スーパーで今まで通り、とりあえず買う調味料、厳選して選んだもの、これどうなんだろう?と試しに使っているもの、現在我が家にはいろいろな思惑の調味料が並びます。

そして、テーマである「日本の発酵調味料」に欠かせない「微生物」が、「麹菌」です。味噌や醤油、酒の原料となる麹に必要な微生物で、「麹」は、蒸した米や麦などの穀物に「麹菌」を繁殖させた加工品を指します。
そんな麹菌は、日本の発酵調味料を作る際のスターターとして大事な役割を担ってくれています。
発酵の形式のひとつとして、微生物の生成する「酵素」による分解も含まれていて、まさに、「麹菌」は自身の酵素によって、デンプンをブドウ糖に分解する「糖化」を行い、乳酸菌等微生物の発酵に必要となる「糖類」をたくさん作る事ができるのだとか。
ちなみに、麹を使って発酵食品を作る事を「醸造」と言い、麹菌は「国菌」と認定されています。日本の調味料を支える菌。さすがです。

多様な「微生物」やそれらの酵素によって様々な「発酵」がある。

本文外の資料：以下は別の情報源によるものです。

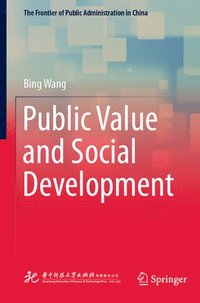 bokomslag Public Value and Social Development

という事が分かりましたが、それでは、発酵を行う事で、食品にどういった利点があるのでしょうか。
魅力ポイントをまとめると…
・保存性が高まる。
原則的に発酵菌が繁殖している場所には、腐敗菌が増殖せず、長期間の保存が可能となります。
・栄養価や味の美味しさが高まる。
発酵の過程で食材にビタミン等新たな栄養素が付加され、人間にとって有益な旨味や香りが加えられます。
・その他にも健康面での有益な効果が。
微生物によって食品が分解される事で、人体に消化・吸収されやすくなるとともに、発酵食品には、腸内細菌のエサとなるオリゴ糖や食物繊維も多く含まれ、腸内環境の改善にも役立つのだとか!

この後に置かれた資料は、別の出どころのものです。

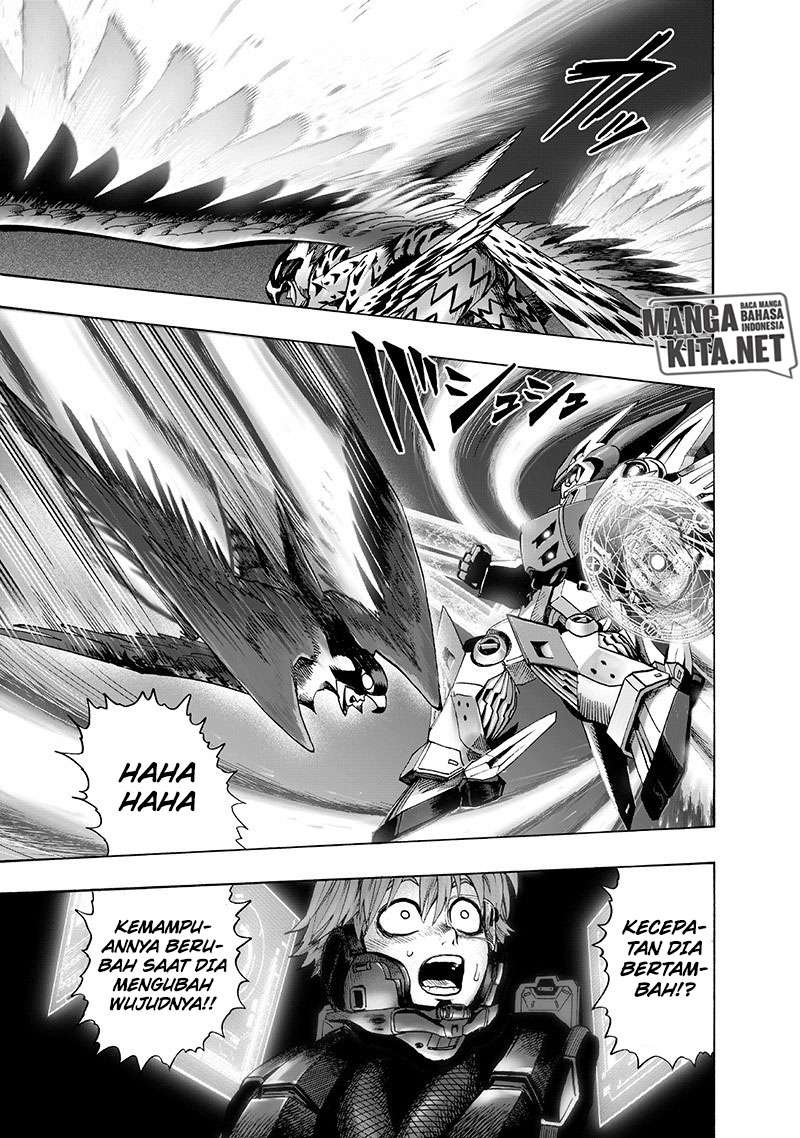 One Punch Man Chapter 145 Gambar 11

次回は、この「麹」が使われる、普段の料理で登場頻度の高い日本の発酵調味料について、購入する際の判断基準になる原材料や製造方法を見ていくとともに、商品にどのように「表示」されているのかを投稿していきます!
併せて、私が最近家で使っている調味料の事、変えてみた部分、変えるに至っていない部分等、赤裸々にお話できればと思います。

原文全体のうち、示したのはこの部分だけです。